Pictures with short captions
-.-.-
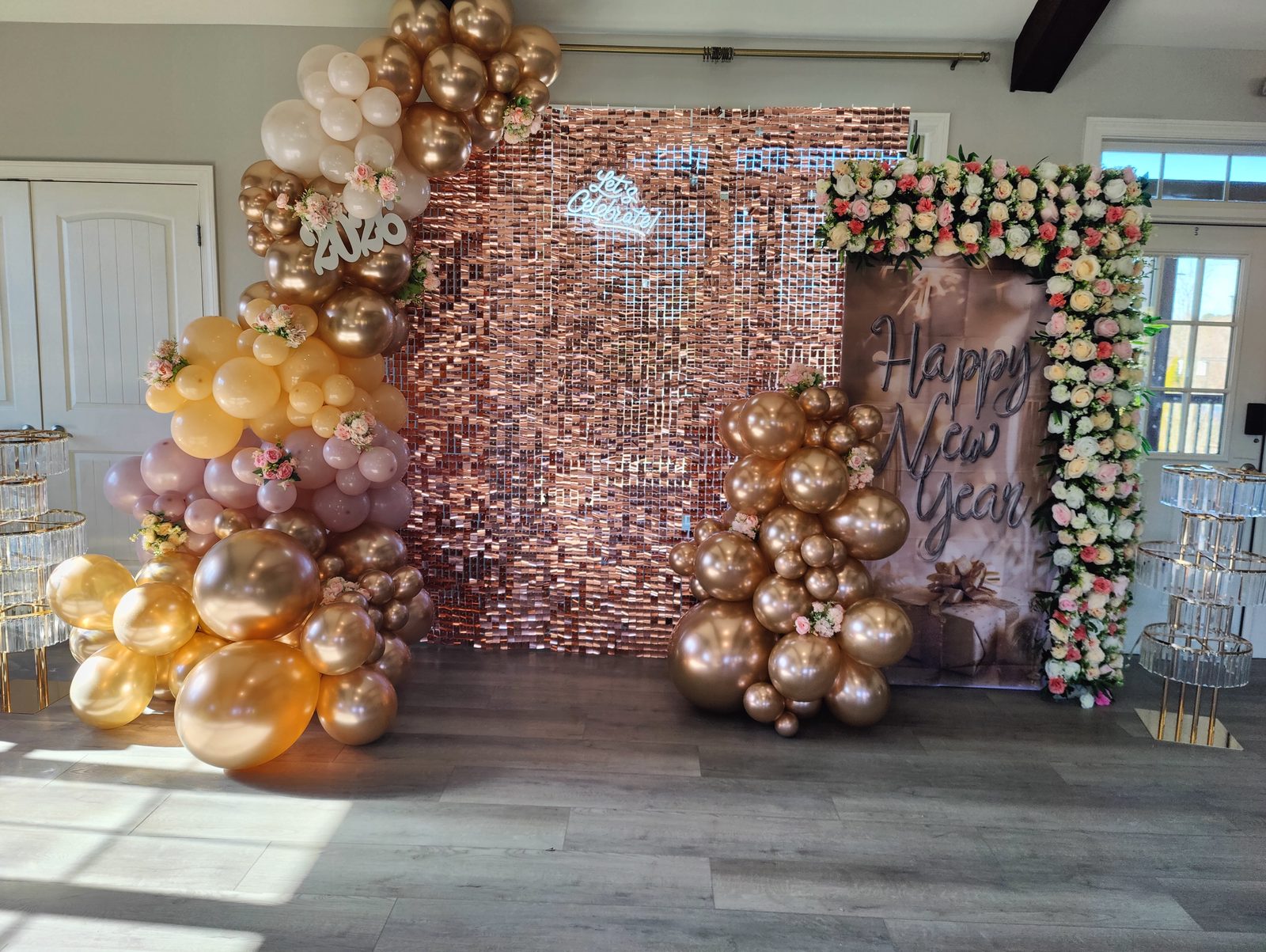 New Year's Eve celebration backdrop with gold balloons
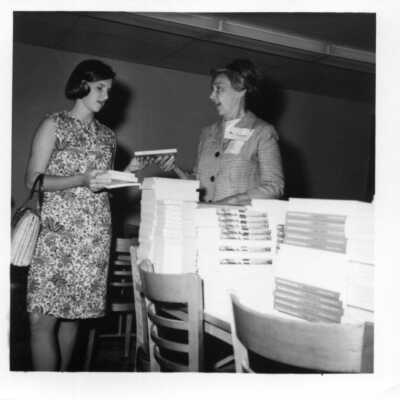 Student getting her text books at registration circa 1960.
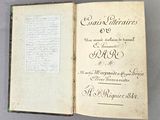 un livre ouvert, dont une page est recouverte d'une écriture manuscrite, posé sur une table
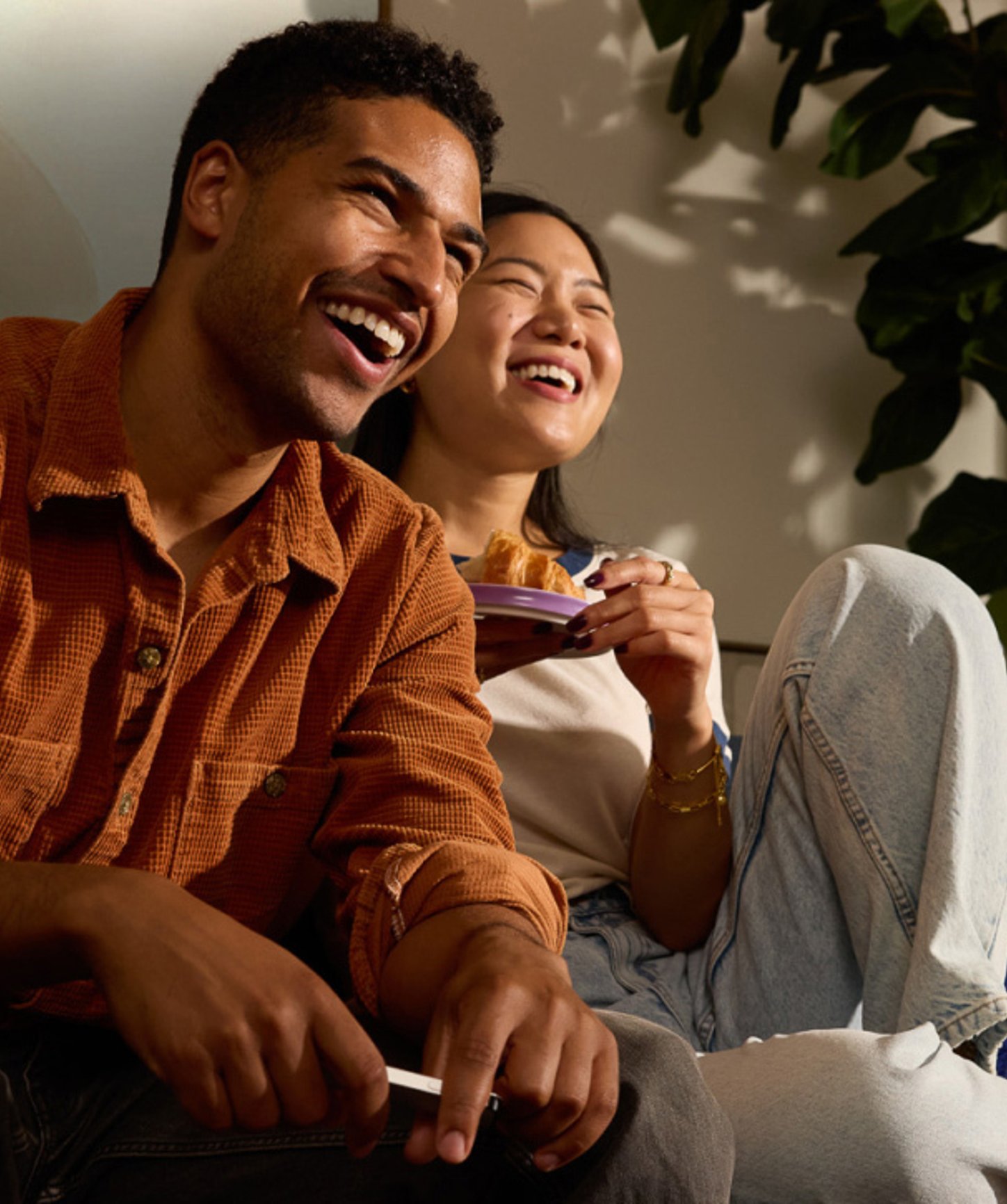 A happy couple laughing while watching TV, sitting on a cozy couch with snacks in hand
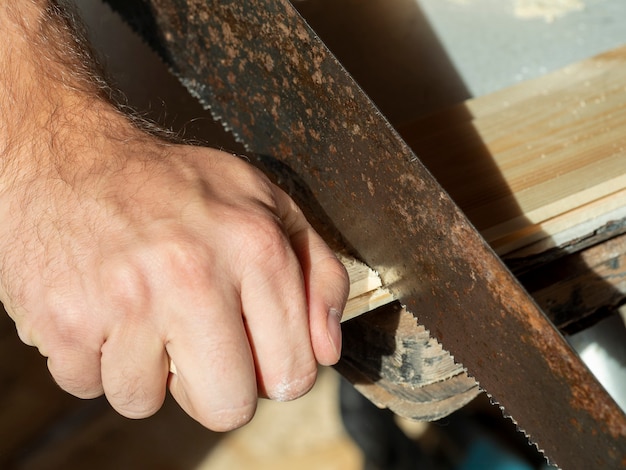 Un hombre está aserrando una tabla con una sierra de mano. Concepto de carpintería.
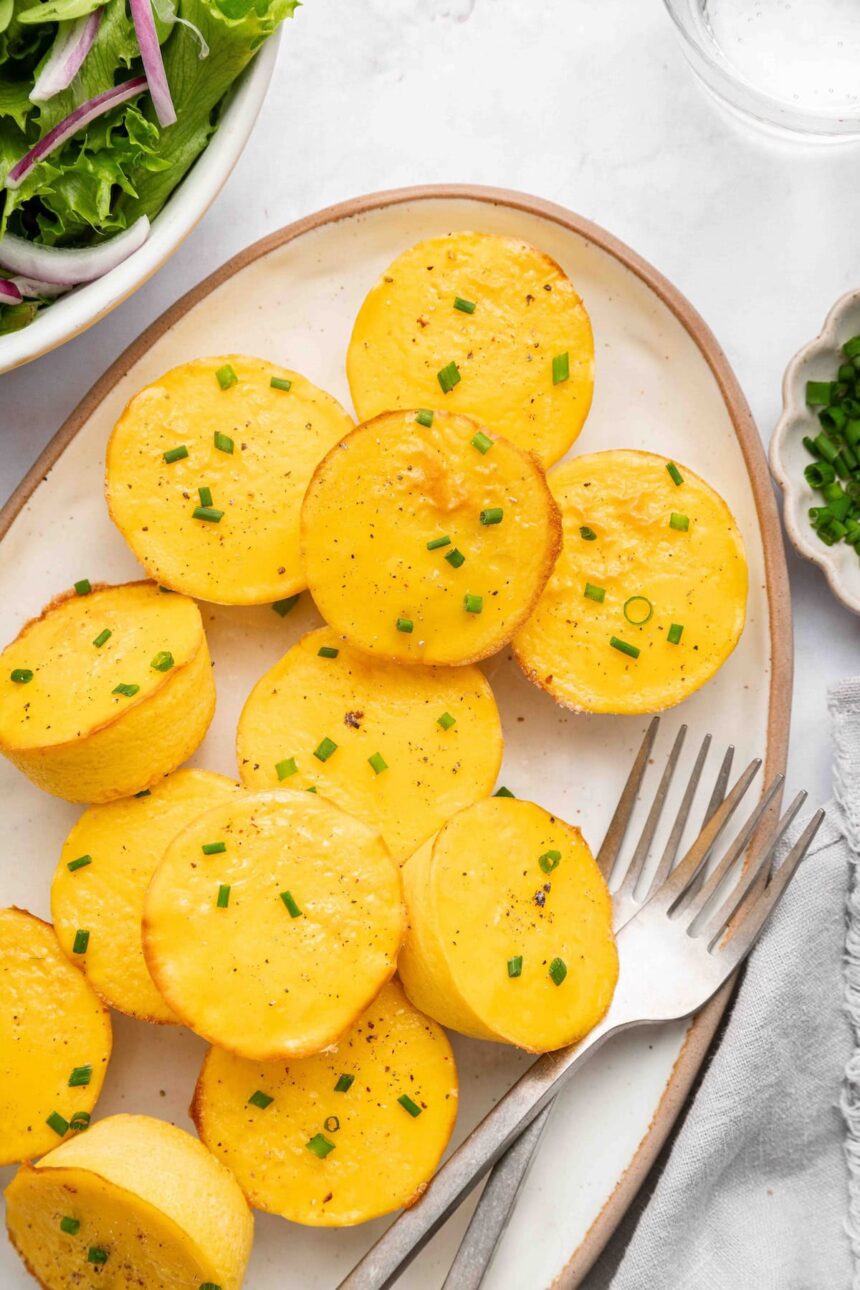 12 cottage cheese egg bites on a white serving plate topped with chopped chives. There are two forks on the plate.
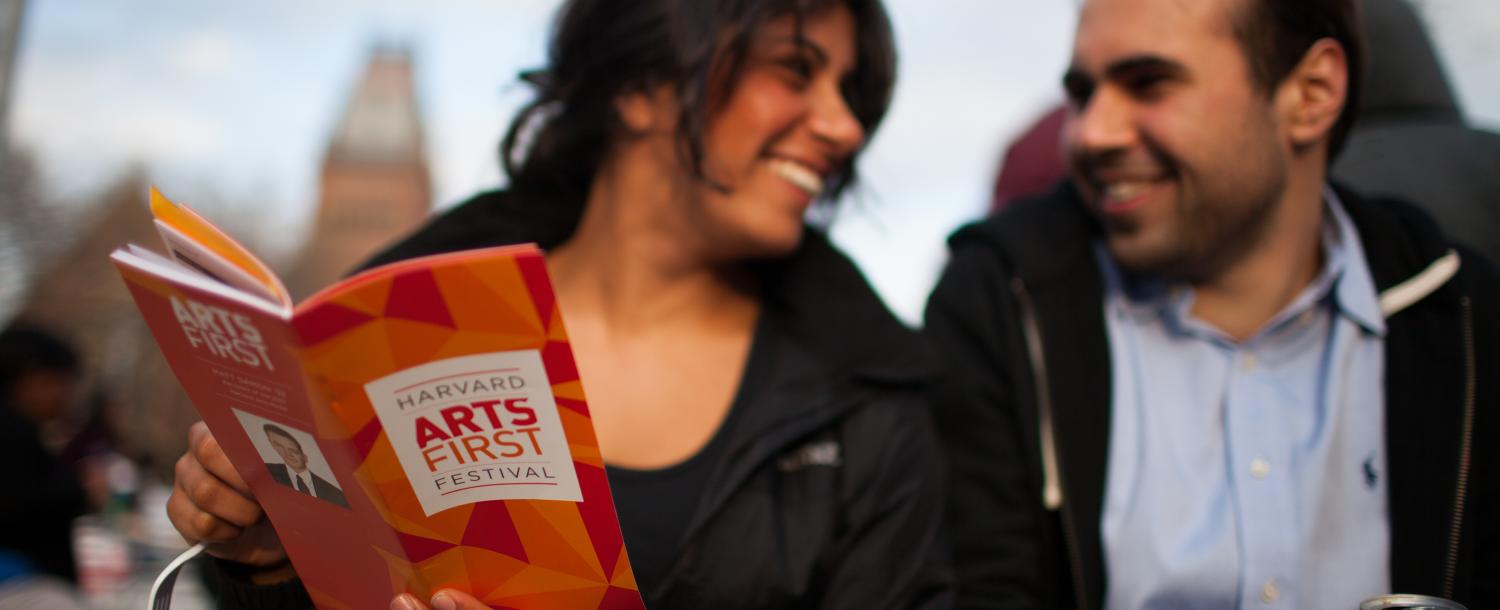 Man and woman looking at ARTS FIRST program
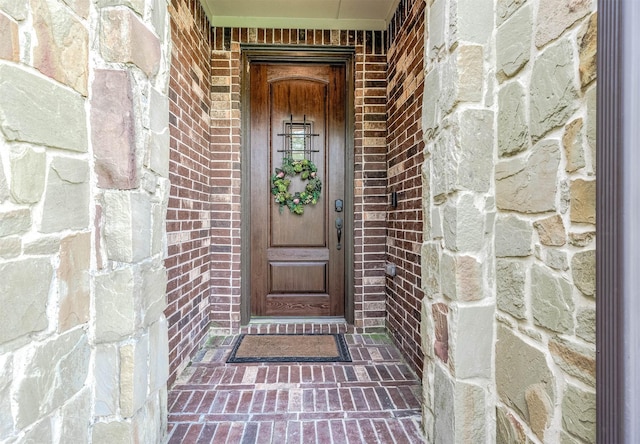 doorway to property with brick siding and stone siding
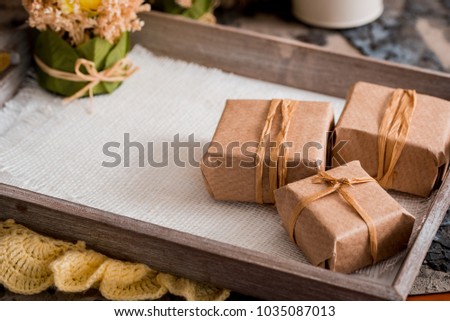 Three gift boxes in a kraft wrapper on a gray concrete background on a wooden table. place for your inscription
-.-.-
> **The task**
All entries must be output unchanged, with every picture omitted.

> **Expected answer**
 New Year's Eve celebration backdrop with gold balloons
 Student getting her text books at registration circa 1960.
 un livre ouvert, dont une page est recouverte d'une écriture manuscrite, posé sur une table
 A happy couple laughing while watching TV, sitting on a cozy couch with snacks in hand
 Un hombre está aserrando una tabla con una sierra de mano. Concepto de carpintería.
 12 cottage cheese egg bites on a white serving plate topped with chopped chives. There are two forks on the plate.
 Man and woman looking at ARTS FIRST program
 doorway to property with brick siding and stone siding
 Three gift boxes in a kraft wrapper on a gray concrete background on a wooden table. place for your inscription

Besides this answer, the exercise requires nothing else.